Bug 1: Python Properties That Silently Ignore Arguments

The PerformanceReport class defined sharpe_ratio and sortino_ratio as Python @property decorators, but the method signatures included parameters:

@property
def sharpe_ratio(self, risk_free_rate: float = 0.0, periods: int = 252) -> float:
    ...

This is a subtle Python gotcha. The @property decorator transforms a method into a descriptor that takes no arguments beyond self. The risk_free_rate and periods parameters exist in the signature but can never be passed by the caller. result.sharpe_ratio always uses the defaults. Attempting result.sharpe_ratio(risk_free_rate=0.02) raises TypeError: 'float' object is not callable.

In quantitative finance, the risk-free rate matters. A Sharpe ratio calculated with a 0% risk-free rate versus a 4% rate can tell very different stories about a strategy's risk-adjusted performance. Silently hardcoding this to zero is a correctness problem.

The fix removes @property and makes them regular methods:

def sharpe_ratio(self, risk_free_rate: float = 0.0, periods: int = 252) -> float:
    if len(self.equity_curve) < 2:
        return 0.0
    returns = np.diff(self.equity_curve) / self.equity_curve[:-1]
    excess = returns - risk_free_rate / periods
    if np.std(excess) == 0:
        return 0.0
    return float(np.mean(excess) / np.std(excess) * np.sqrt(periods))

This is a breaking change — callers must update from result.sharpe_ratio to result.sharpe_ratio() — but it's the right trade-off.
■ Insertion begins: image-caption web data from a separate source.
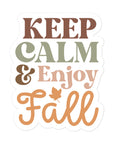Keep Calm & Enjoy Fall Sticker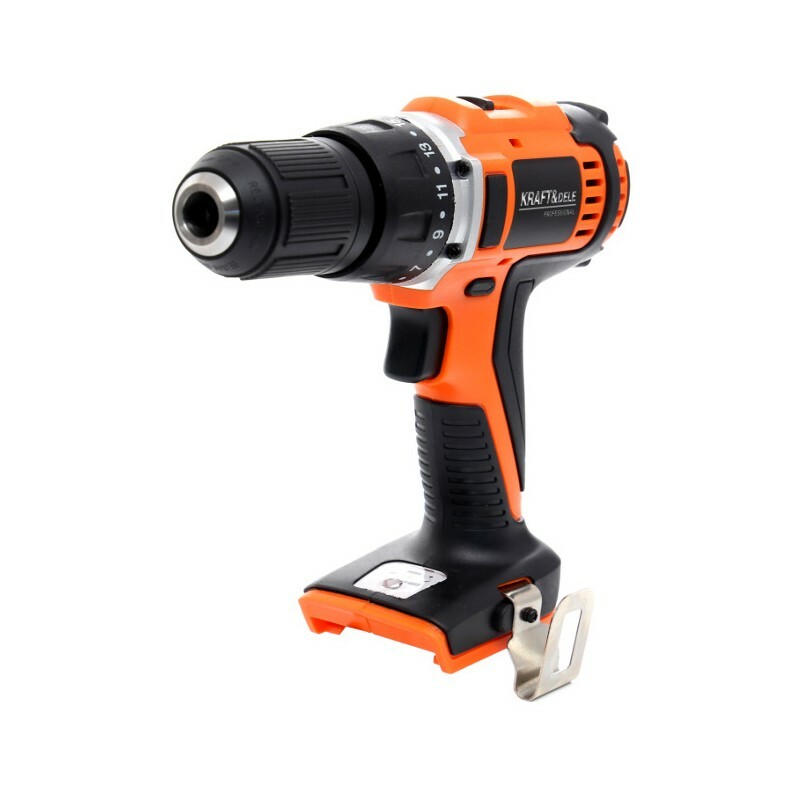 KRAFT&DELE TRAPANO AVVITATORE CON PERCUSSIONE BATTERY A LITIO 18V 2AH AL 2000AH - immagine 6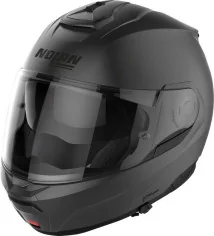 Casca Moto Flip-Up N100-6 Classic N-Com Flat Vulcan Grey 24x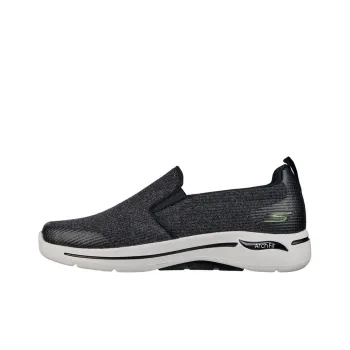 Skechers GO WALK 1 Arch Fit - Our Earth Cushioning Anti-Slip And Wear-Resistant Low-Top Casual Shoes Men's Black Gray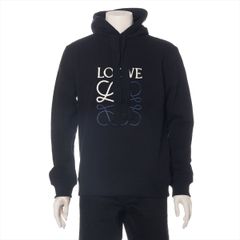 未使用　LOEWE　アナグラムロゴ　コットンフーディ　パーカー　メンズ　M　ブラック　H526Y25X08　タグ付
A method that pretends to accept parameters but ignores them is worse than a clean API change.

Bug 2: Drawdown Calculated from Cash, Not Equity

The risk manager's drawdown circuit breaker compared cash against equity_peak:

# Before: uses cash only
signal = self.risk_manager.check(
    signal=signal,
    current_price=bar.close,
    capital=portfolio.cash,        # BUG: just cash, not total equity
    equity_peak=portfolio.equity_peak,
    ...
)

The equity_peak tracks the highest total equity (cash + positions). But the drawdown check only looked at cash. When a position is open, cash drops by the position cost — even if the position is profitable. This creates false drawdown triggers.

Example: you start with $100,000 and buy $80,000 worth of stock. Cash is now $20,000. The stock goes up 10%, so your equity is $108,000. But the drawdown check sees $20,000 vs $100,000 peak — an 80% "drawdown" — and halts trading on a profitable portfolio.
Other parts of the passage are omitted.